Captioned web image data
****************

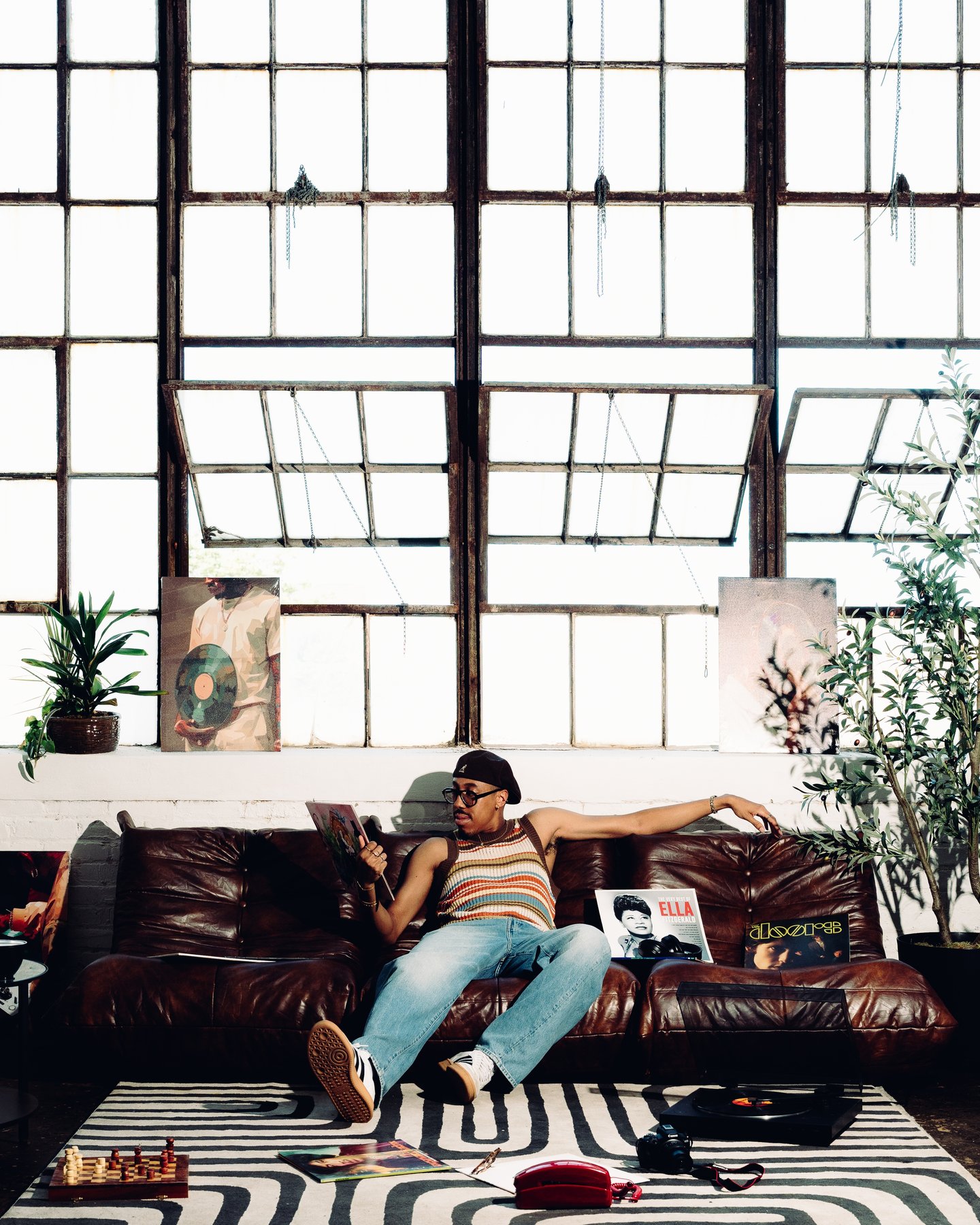 Kyle lying across the leather sofa under the loft windows, a magazine open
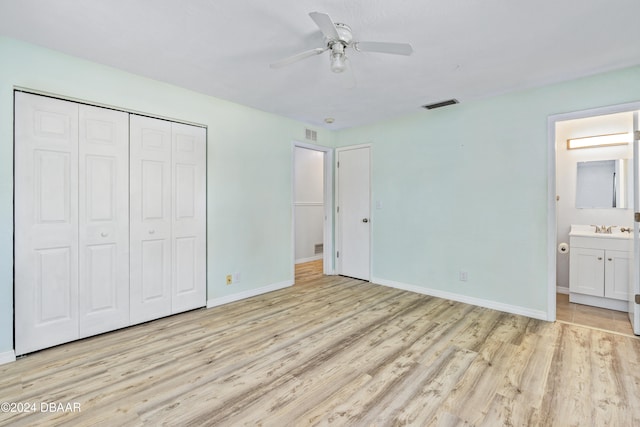 unfurnished bedroom with a closet, connected bathroom, light wood-type flooring, sink, and ceiling fan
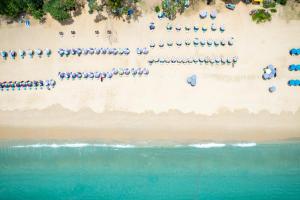 an overhead view of a beach with chairs and umbrellas at Anthiya Seaview Villa Hotel Phuket in Kata Beach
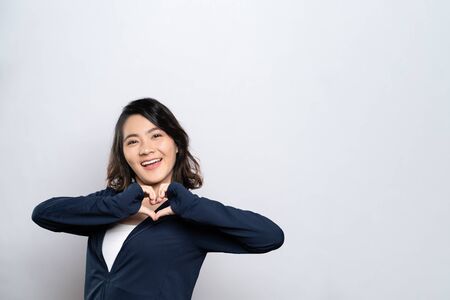 Portrait of a healthy woman in love making love symbol isolated over white backgroundの写真素材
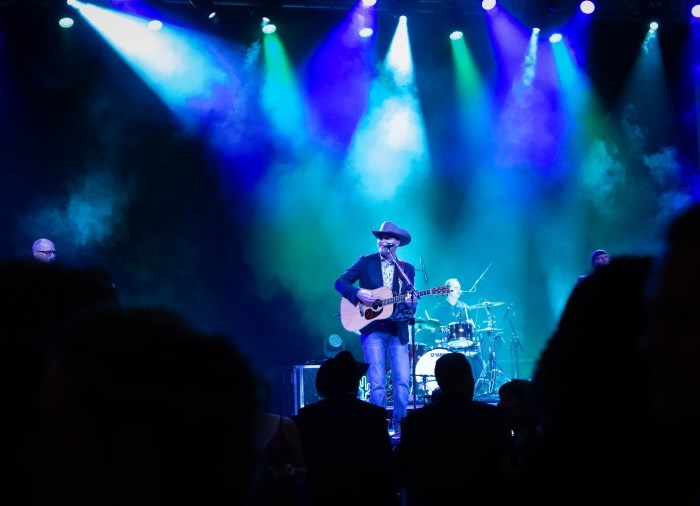 country singer on stage at gala event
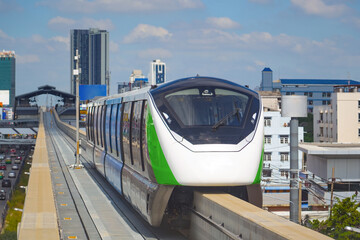 Monorail tram in passing street arrives at the station with passengers
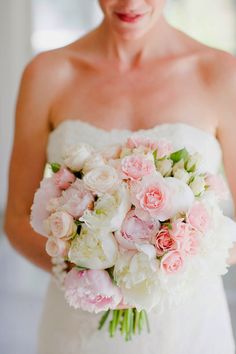 a bride holding a bouquet of pink and white flowers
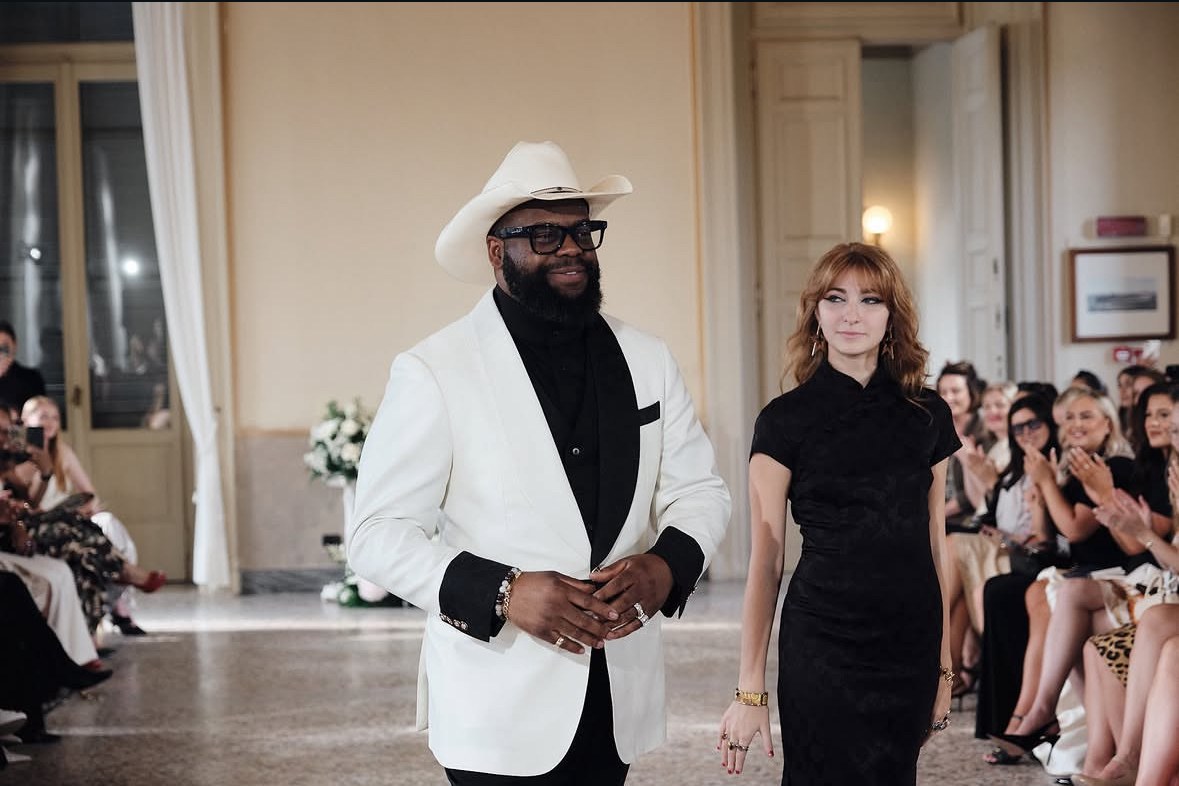 Isabella walking the DCASSO finale with the designer at Palazzo Clerici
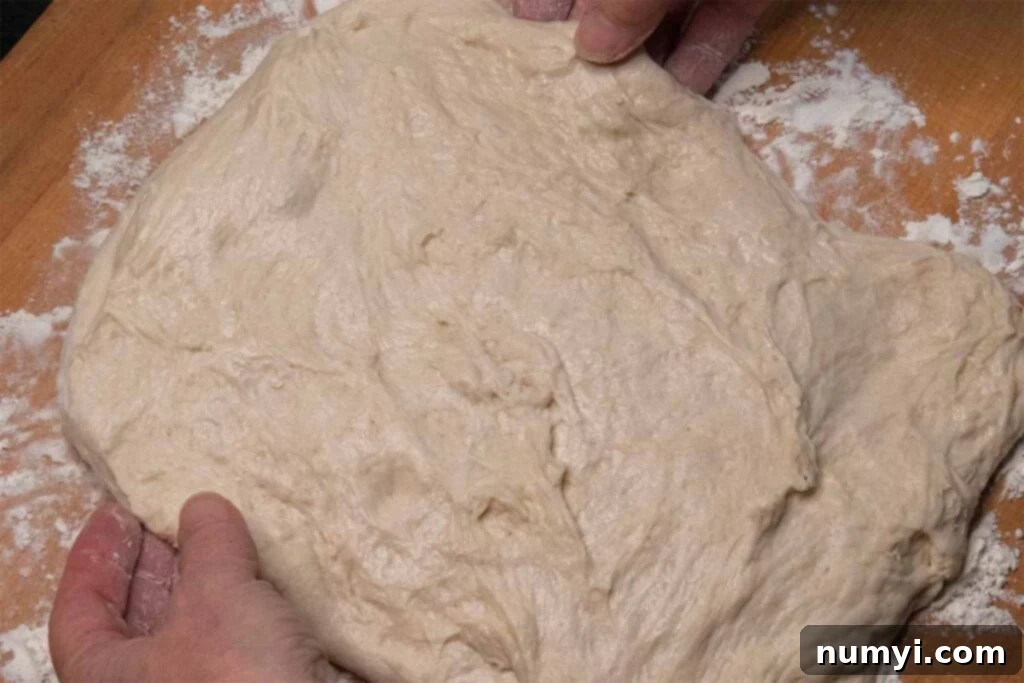 Skillfully laying out the soft bread dough into a flat rectangle on a lightly floured countertop.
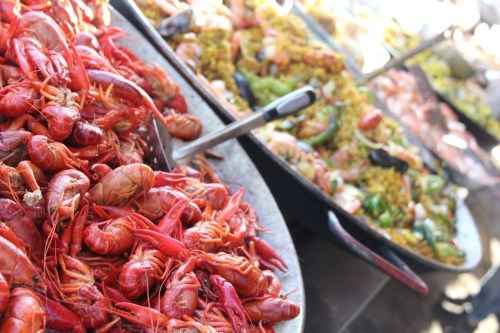 A close-up of a platter filled with vibrant red crawfish, alongside a colorful array of mixed seafood and rice dishes.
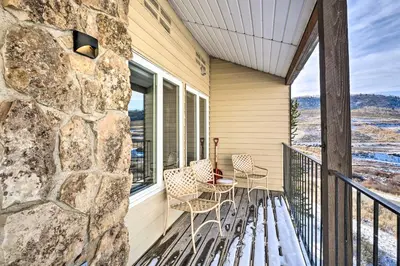 a porch with chairs and a bench on a balcony at Ski-InandSki-Out Granby Ranch Home Mountain Views! in Granby
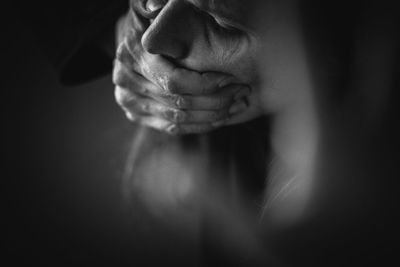 Close-up of man against black background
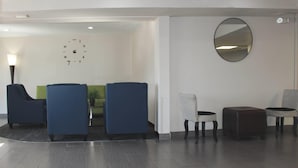 A modern lobby with seating, a wall clock, a round mirror, and recessed ceiling lights. - Quality Inn DFW Airport North (Irving)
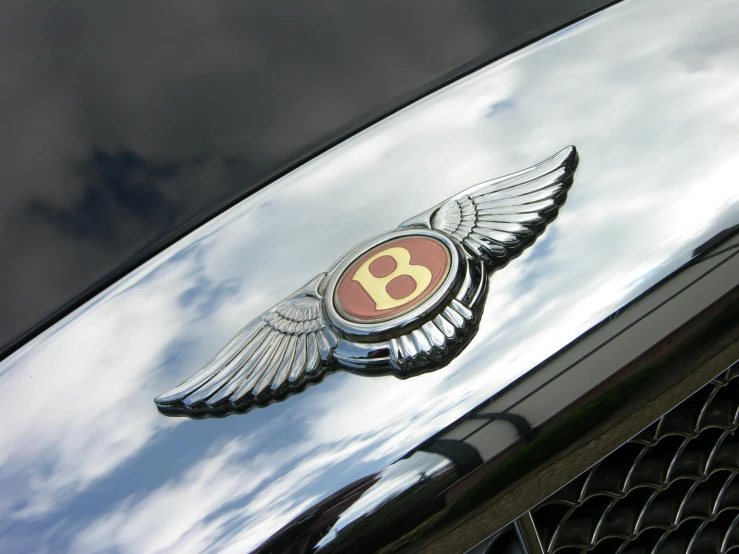 the front end of a bentley logo on the hood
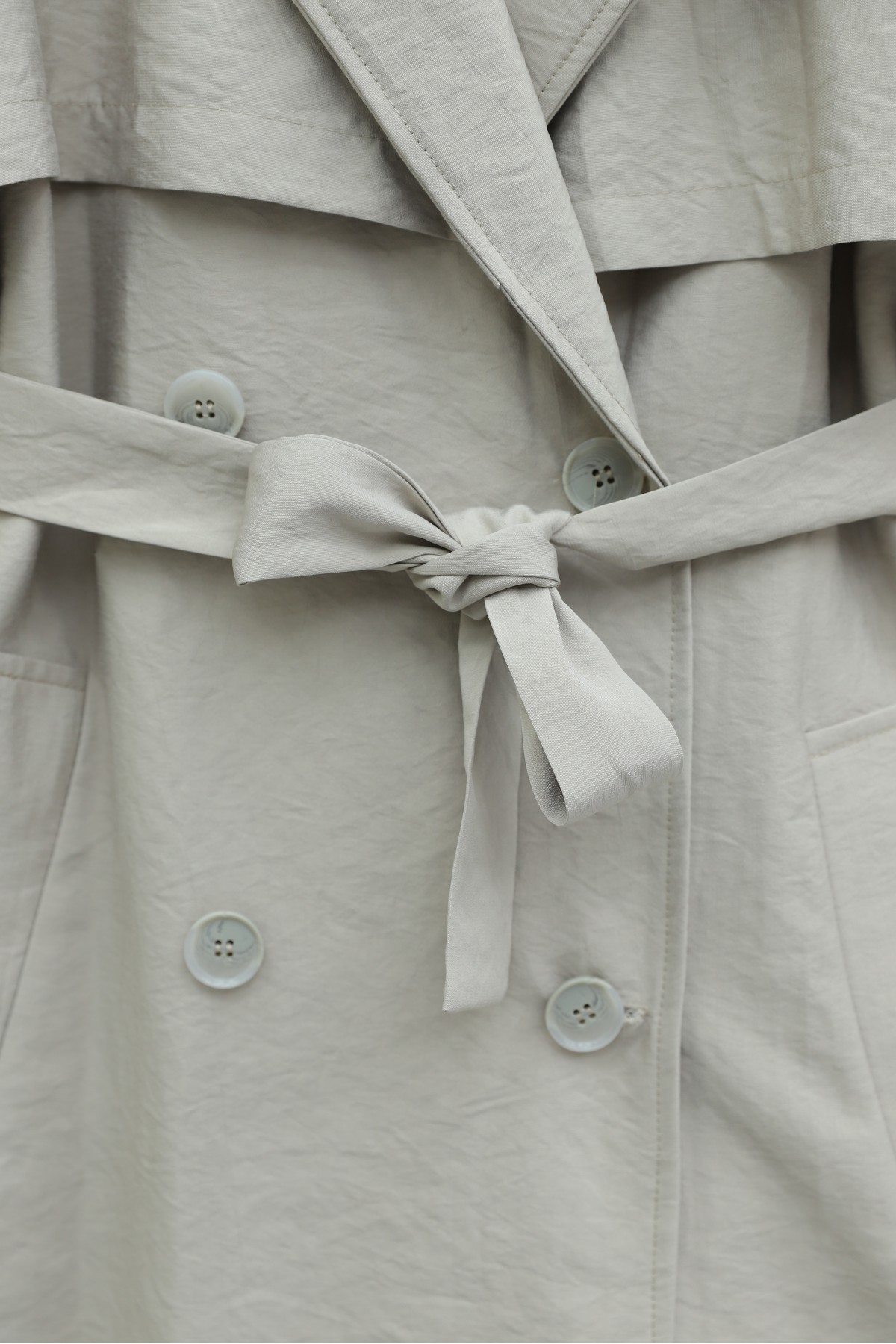 Trench coat made of polyester fabric with belt, pockets, and epauletted sleeves. -Stone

****************

Problem to solve:
Print the records again exactly, without the pictures.

Your solution:
 Kyle lying across the leather sofa under the loft windows, a magazine open
 unfurnished bedroom with a closet, connected bathroom, light wood-type flooring, sink, and ceiling fan
 an overhead view of a beach with chairs and umbrellas at Anthiya Seaview Villa Hotel Phuket in Kata Beach
 Portrait of a healthy woman in love making love symbol isolated over white backgroundの写真素材
 country singer on stage at gala event
 Monorail tram in passing street arrives at the station with passengers
 a bride holding a bouquet of pink and white flowers
 Isabella walking the DCASSO finale with the designer at Palazzo Clerici
 Skillfully laying out the soft bread dough into a flat rectangle on a lightly floured countertop.
 A close-up of a platter filled with vibrant red crawfish, alongside a colorful array of mixed seafood and rice dishes.
 a porch with chairs and a bench on a balcony at Ski-InandSki-Out Granby Ranch Home Mountain Views! in Granby
 Close-up of man against black background
 A modern lobby with seating, a wall clock, a round mirror, and recessed ceiling lights. - Quality Inn DFW Airport North (Irving)
 the front end of a bentley logo on the hood
 Trench coat made of polyester fabric with belt, pockets, and epauletted sleeves. -Stone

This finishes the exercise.